Syntax highlighting using Mediawiki formatting: Difference between revisions

Content added Content deleted

Inline

Revision as of 17:53, 7 October 2023

Introduction

When formatting a page for display, Mediawiki allows the page to include bold and italic text by placing the bold/italic text within paired repeated-single quote characters - 3 single quotes for bold and 2 for italic, 5 for bold italic.
E.g.: '''bold-word''' and ''italic-word'' appears as bold-word and italic-word.

This could be used to provide simple syntax-highlighting without the use of the relatively more expensive <syntachighlight> tags or for languages not currently supported by Pygments.
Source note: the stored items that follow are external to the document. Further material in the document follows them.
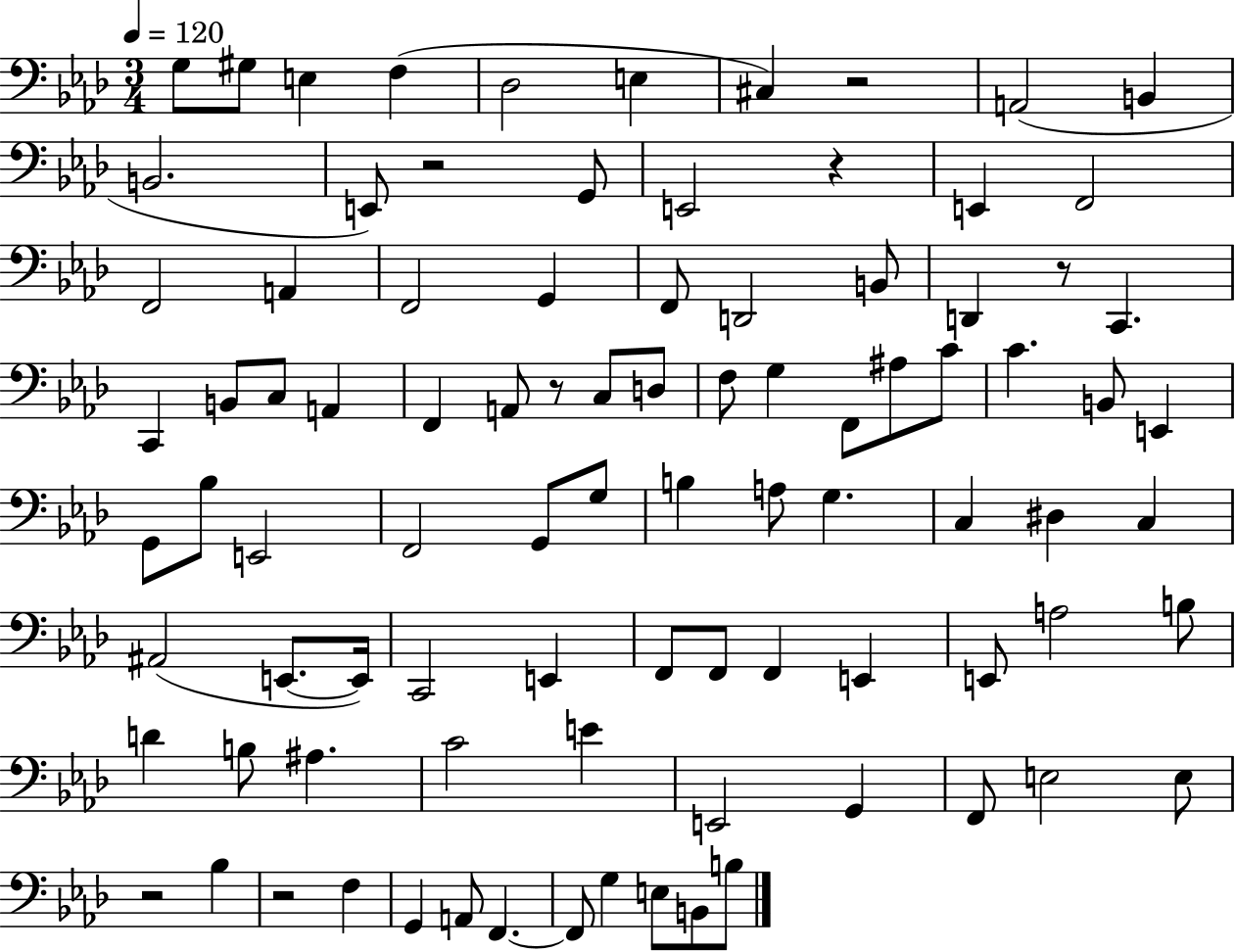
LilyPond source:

{
  \clef bass
  \numericTimeSignature
  \time 3/4
  \key aes \major
  \tempo 4 = 120
  g8 gis8 e4 f4( | des2 e4 | cis4) r2 | a,2( b,4 | \break b,2. | e,8) r2 g,8 | e,2 r4 | e,4 f,2 | \break f,2 a,4 | f,2 g,4 | f,8 d,2 b,8 | d,4 r8 c,4. | \break c,4 b,8 c8 a,4 | f,4 a,8 r8 c8 d8 | f8 g4 f,8 ais8 c'8 | c'4. b,8 e,4 | \break g,8 bes8 e,2 | f,2 g,8 g8 | b4 a8 g4. | c4 dis4 c4 | \break ais,2( e,8.~~ e,16) | c,2 e,4 | f,8 f,8 f,4 e,4 | e,8 a2 b8 | \break d'4 b8 ais4. | c'2 e'4 | e,2 g,4 | f,8 e2 e8 | \break r2 bes4 | r2 f4 | g,4 a,8 f,4.~~ | f,8 g4 e8 b,8 b8 | \break \bar "|."
}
A few languages on Rosetta Code are currently using schemes like this.

Task

The task is to write a syntax highlighter that given a source in your language will output a wiki formatted version of the source with the keywords/reserved words in bold and the comments in italics.
Note that each source line (including blank lines) should be output with a leading space, to ensure the source is treated as a single block.

Additionally, translate the following characters:

single-quote (') to '
ampersand (&) to &
less-than (<) to <
greater-than (>) to >

If your language doesn't have keywords/reserved words or comments, use your judgement on what to highlight in bold or italic : )

Presenting your source

Instead of showing your source within syntaxhighlight tags and having a separate output block, just show the source that would be output from your program when given its own source to process.
I.e., don't use syntaxhighlight tags.

ALGOL 68

Handles upper-stropping Algol 68 sources (as used by ALGOL 68G and most other compilers).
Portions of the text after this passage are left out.